Juan Carlos Falcón (Großherzogin) © Jean-Marc Turmes |
Josef E. Köpplinger, le directeur général du Theater-am-Gärtnerplatz de Munich, s'est spécialisé dans la mise en scènes d'opérettes, un domaine qui le passionne. Il présente cette saison Die Großherzogin von Gerolstein d'Offenbach en version allemande (sans surtitrage), un spectacle qu'il a monté en coproduction avec le Semperoper de Dresde, où l'opérette fut jouée en 2020.
L'opérette est ainsi faite qu'elle se prête bien à une actualisation des dialogues en fonction de la situation géo- et sociopolitique du moment. C'est une des lois du genre qui veut que les metteurs en scène introduisent des situations et des réparties qui illustrent de manière parodique et amusante les polémiques qui agitent le bel aujourd'hui. Et force est de constater que ce qui était vrai en 1867, lorsque Offenbach monta la Grande-duchesse de Gérolstein au Théâtre parisien des Variétés, l'est tout autant en l'an de disgrâce 2023. Le Tout-Paris du second empire, celui de Napoléon III et de l'impératrice, se pressait aux portillons de l'Exposition universelle et le soir se rendait au spectacle. L'empereur invita les grands du monde d'alors et toutes les têtes couronnées affluèrent à Paris. Nombreux furent ceux qui succombèrent aux charmes capiteux d'Hortense Schneider qui créa le rôle de la Grande-duchesse. Et la presse de l'époque s'amusa de voir certains souverains assister plusieurs soirs de suite à la représentation aguichés par les charmes de la talentueuse interprète. Paris fut de nombreux mois en fête. Mais cette fête ne rendait pas compte des tensions internationales. L'empire autrichien venait l'année précédente de subir l'humiliante défaite de Sadowa dans la guerre qui l'opposait à la Prusse, qui cherchait déjà alors à étendre son pouvoir à l'ensemble des états allemands. Les tensions entre la France et la Prusse étaient déjà fort perceptibles. Trois ans plus tard ce fut la guerre franco-allemande qui entraîna l'unification de l'Allemagne, la terrible défaite de la France et la fin du second empire. Dans ce contexte Offenbach se garda bien de s'attaquer aux grandes puissances dans son opérette. La censure ne l'aurait pas permis. Mais ses librettistes Meilhac et Halévy trouvèrent le moyen de mettre en scène une guerre d'opérette, avec pour champ de bataille un micro état fantoche, et d'ainsi échapper aux foudres des censeurs. En avril 1867, Ludovic Halévy écrivait dans son journal : "Cette fois nous nous moquons de la guerre, et la guerre est à nos portes." Sa remarque est hélas de nouveau très actuelle, la guerre fait rage aux portes de l'Europe.

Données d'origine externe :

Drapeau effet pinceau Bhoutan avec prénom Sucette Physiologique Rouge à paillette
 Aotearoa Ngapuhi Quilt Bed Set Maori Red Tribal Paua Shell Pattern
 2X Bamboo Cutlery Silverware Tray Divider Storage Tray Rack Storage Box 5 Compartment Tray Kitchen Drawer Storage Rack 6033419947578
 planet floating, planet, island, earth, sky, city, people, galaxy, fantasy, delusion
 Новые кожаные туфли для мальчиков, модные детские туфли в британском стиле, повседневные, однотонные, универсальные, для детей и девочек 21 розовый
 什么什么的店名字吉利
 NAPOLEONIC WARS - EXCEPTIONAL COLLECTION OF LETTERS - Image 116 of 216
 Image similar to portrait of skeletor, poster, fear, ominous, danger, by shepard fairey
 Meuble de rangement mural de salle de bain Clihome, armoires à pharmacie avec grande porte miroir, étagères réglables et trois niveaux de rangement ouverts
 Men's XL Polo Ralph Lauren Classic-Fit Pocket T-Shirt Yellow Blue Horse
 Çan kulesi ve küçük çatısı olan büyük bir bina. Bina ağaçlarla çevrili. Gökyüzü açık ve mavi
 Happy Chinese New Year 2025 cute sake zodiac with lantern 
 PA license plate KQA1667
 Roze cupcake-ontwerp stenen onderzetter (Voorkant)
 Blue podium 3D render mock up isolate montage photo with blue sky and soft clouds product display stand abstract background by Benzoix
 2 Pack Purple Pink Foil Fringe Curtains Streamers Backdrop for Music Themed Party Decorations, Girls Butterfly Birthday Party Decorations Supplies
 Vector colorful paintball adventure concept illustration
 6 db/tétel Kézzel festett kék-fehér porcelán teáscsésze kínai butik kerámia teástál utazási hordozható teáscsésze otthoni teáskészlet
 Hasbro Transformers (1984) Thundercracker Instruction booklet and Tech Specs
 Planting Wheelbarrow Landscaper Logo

Pour les représentations du Semperoper de Dresde et du Gärtnerplatztheater, Thomas Pigor a introduit des répliques faisant référence au mouvement de la droite populiste allemande Pegida*, un mouvement qui dénonce constamment l'islamisation de la société allemande et la presse mensongère (Lügenpresse). Les journalistes en prennent pour leur grade ! La mise en scène est par ailleurs teintée par la démarche de réflexion des études de genre.** Le prince Paul est ici un homosexuel aux vêtements évocateurs : costume rose sur un gilet au rouge audacieux, pantalon golf sur des bas à motif écossais rouge et bleu. Tout comme la grande-duchesse à laquelle son père veut le marier, il a une préférence marquée pour les beaux militaires. Pour les représentations bavaroises, cela devait immanquablement attirer une évocation du roi Louis II dans une réplique qui rappelle la passion du roi pour son grand maître des écuries. Alors qu'à Dresde le rôle-titre était interprété par Anne Schwanemils, à Munich il a été confié à un ténor, qui le chante dans sa tessiture. À la fin de l'opéra, le prince Paul se dit soulagé de se voir finalement accepté comme époux par la grande-duchesse, car ce mariage va calmer les inquiétudes de son Herr Papa. Sur le même thème, notons encore que le général Boum punit un soldat en lui faisant porter un tutu rose, dont il restera affublé jusqu'à la fin de la représentation.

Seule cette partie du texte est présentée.